Em discurso durante a abertura do Global Agribusiness Forum 2016, evento sobre agronegócio realizado em São Paulo, no dia 04 de julho, o presidente interino Michel Temer disse que tomará medidas consideradas impopulares “a partir de certo momento”. A fala foi precedida pela entrega de um manifesto de confiança no governo assinado por 46 entidades de vários segmentos do agronegócio brasileiro. “Eu vou colocar esse acordo em um quadro no meu gabinete. É uma coisa importantíssima para nós, porque esse apoio nos permite ganhar forças para enfrentar os problemas. Nós temos o apoio dos setores produtivos do País”, disse Temer. “Esse apoio é fundamental porque a partir de certo momento, começaremos com medidas, digamos assim, mais impopulares”, acrescentou, sem entrar em detalhes.

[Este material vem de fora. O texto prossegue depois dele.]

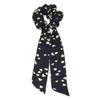 9 Pcs Bowknot Hair Scrunchies Satin Chiffon Scarf Hair Bows Polka Dot Pattern Ties Floral Scrunchy Ponytail Holder Hair Scrunchy Ropes view 2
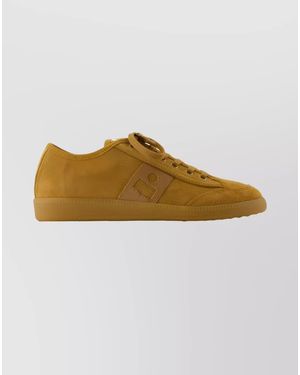 Isabel Marant Leather Low-Top Trainers - Yellow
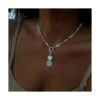 YOUBEIYEE Cadena para hacer joyas de 16.4 pies de plata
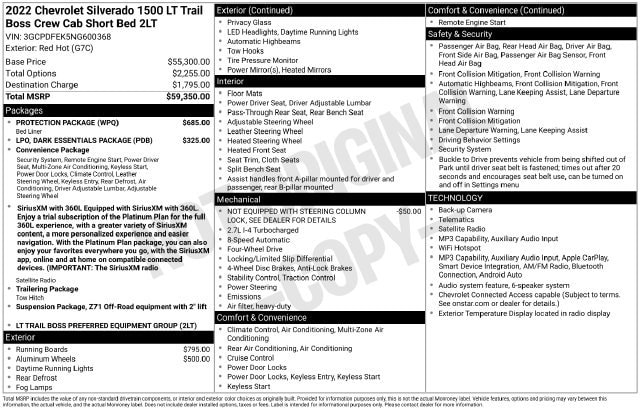 2022 Chevrolet Silverado 1500 LT Trail Boss - Photo 26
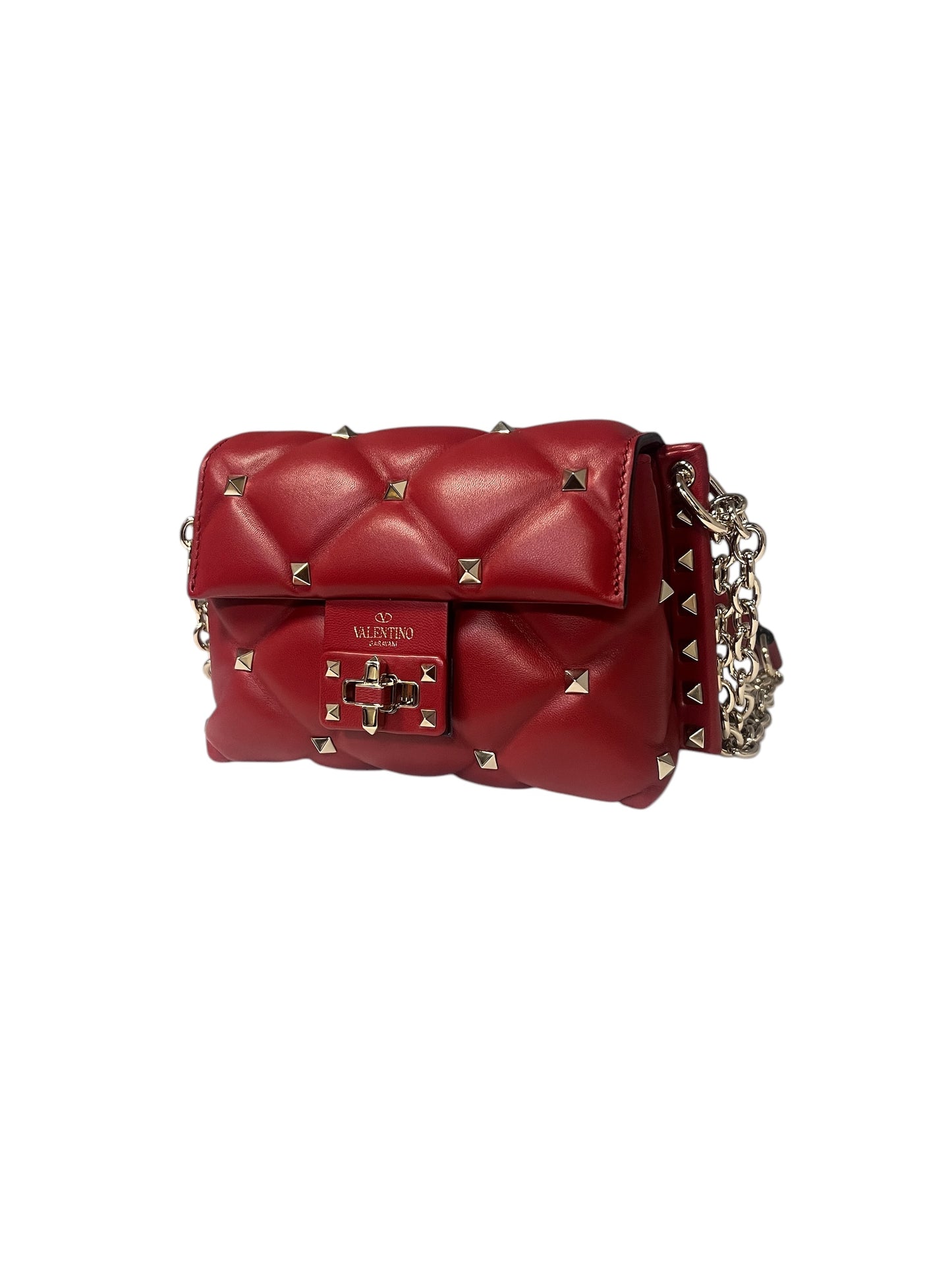 VALENTINO Mini Rockstud Crossbody Shoulder Bag Red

O governo tem sido alvo de críticas até por parlamentares de sua base aliada, em função de ações que vão na contramão do ajuste fiscal, como o reajuste do Bolsa Família, o aumento salarial concedido a servidores do judiciário e a renegociação das dívidas dos estados. Temer rebateu as críticas e defendeu o reajuste salarial dos servidores. “O aumento do funcionalismo já estava negociado e é abaixo da inflação. Se não déssemos o ajuste já negociado, movimentos políticos cobrariam. Seria desastroso”, argumentou. Temer lembrou que o aumento já estava previsto no orçamento deste ano.

 

O presidente reafirmou que não tem receio de adotar medidas impopulares porque não tem objetivos eleitorais. “As pessoas me perguntam. ‘Você não teme propor medidas impopulares?’ Não. Porque o meu objetivo não é eleitoral. O meu objetivo, nesses dois anos e meio, se eu ficar dois anos e meio, é conseguir colocar o Brasil nos trilhos, é o que basta. Não quero mais nada da vida pública”, afirmou.

 

Agronegócio

No evento Temer destacou a importância do agronegócio para a economia do país. “O agronegócio aqui no Brasil responde por mais de 40 % das exportações, por 25% dos empregos e por cerca de 20% do PIB”, disse o presidente, e acrescentou que o setor será essencial para a retomada do crescimento econômico.

O peemedebista anunciou que a partir do mês de agosto dará início a uma série de viagens ao exterior para captar investimentos estrangeiros na economia brasileira. “Muitos investidores estrangeiros estão esperando um pouco para ver o que acontece daqui a um mês, um mês e meio, para, depois, investirem com muita força aqui no Brasil”, afirmou.

O ministro da Agricultura, Blairo Maggi, também participou do evento e defendeu um fortalecimento do setor, mesmo em um cenário de crise econômica. Segundo Blairo, o objetivo é tornar o Brasil responsável por 10% do comércio agrícola global num prazo de cinco anos. ”Se o governo não tem dinheiro neste momento, temos de fazer mais com menos”, disse o ministro.